0

I have a following time-series price data:

18/01/2008  7.4811
22/01/2008  7.5267
31/01/2008  7.8289
01/02/2008  7.82
...
30/10/2008  7.81
31/10/2008  7.75

I build a function calVariation to calculate the variation of prize as: variation = log(data/data[1,1]).

  • calVariation starts from Line 1 of the data, i.e., calculate variations for data[1:nrow(data),], then find in the variation result array the first value that is less than a threshold of 5%.
  • If nothing found, the function calVariation should run again but start from the next line of the data, i.e., compute variations for data[2:nrow(data),]
  • If it finds that the variation at line n is less than threshold 5%, it will save the column of the original data from Line 1 to Line n to one column of a matrix mat. Now the original data will be reduced to data[n:nrow(data),] and become the input for calVariation to calculate in the next step.

Following is my code.

pathway <- 'C:/'
decimal <- ","
threshold <- -0.05
database <- as.matrix(read.csv(paste(pathway,"Data_origin.csv",sep=""), header = FALSE, sep = ";", dec = decimal))

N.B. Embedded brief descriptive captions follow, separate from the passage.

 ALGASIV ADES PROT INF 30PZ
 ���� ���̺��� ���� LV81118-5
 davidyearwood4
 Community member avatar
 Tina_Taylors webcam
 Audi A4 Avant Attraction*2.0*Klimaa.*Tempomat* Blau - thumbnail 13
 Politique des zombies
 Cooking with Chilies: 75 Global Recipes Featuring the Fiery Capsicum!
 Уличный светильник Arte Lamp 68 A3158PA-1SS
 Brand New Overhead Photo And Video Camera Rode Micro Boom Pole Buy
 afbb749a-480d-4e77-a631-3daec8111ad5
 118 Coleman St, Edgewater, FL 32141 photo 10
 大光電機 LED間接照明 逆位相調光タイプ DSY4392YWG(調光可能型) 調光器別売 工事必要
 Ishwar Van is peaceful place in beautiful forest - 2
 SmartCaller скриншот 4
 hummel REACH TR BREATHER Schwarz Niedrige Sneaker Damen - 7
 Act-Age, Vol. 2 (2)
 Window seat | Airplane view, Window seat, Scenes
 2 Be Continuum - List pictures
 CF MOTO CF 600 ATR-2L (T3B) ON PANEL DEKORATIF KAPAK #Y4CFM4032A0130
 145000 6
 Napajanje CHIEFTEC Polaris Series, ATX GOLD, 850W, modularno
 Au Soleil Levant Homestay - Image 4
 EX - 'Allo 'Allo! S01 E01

data_p <- as.matrix(database[,2])
data_p <- as.matrix(as.numeric(data_p))
rownames(data_p) <- database[,1]

calVariation <- function(mData, threshold){ 
  if(nrow(mData) > 1) {  
    vari <- log(mData/mData[1,1])

    if (any(vari < threshold) == FALSE) { # Not found any value < -5
      mData <- as.matrix(mData[2:nrow(mData),])
      mData <- calVariation(mData, threshold)
    }

    else { # Found value < -5
      threshold_id <- min(which(vari < threshold))
      mData <- as.matrix(mData[1:threshold_id, ])
    }
  } else (
    mData <- NULL
  ) 

  return(mData)
}


data <- data_p
mat <- NULL
rowid <- 0

while (nrow(data) > 1 && is.null(data) == FALSE) {
  temp <- matrix(NA, nrow(data_p), 2)
  data <- calVariation(data, threshold)

  if (is.null(data) == FALSE) {
    temp[1:nrow(data), 1] <- rownames(data) 
    temp[1:nrow(data), 2] <- data 
    rowid <- rowid + nrow(data)     
    mat <- cbind(mat, temp)
    data <- as.matrix(data_p[rowid:nrow(data_p),])    
  } else {
    break()
  }

}

It returns this error: Error in if (any(vari < threshold) == FALSE) { : missing value where TRUE/FALSE needed. I guess that when vari becomes NA this error happens but I tried to use something like is.na function to get rid of this but it didn't work out.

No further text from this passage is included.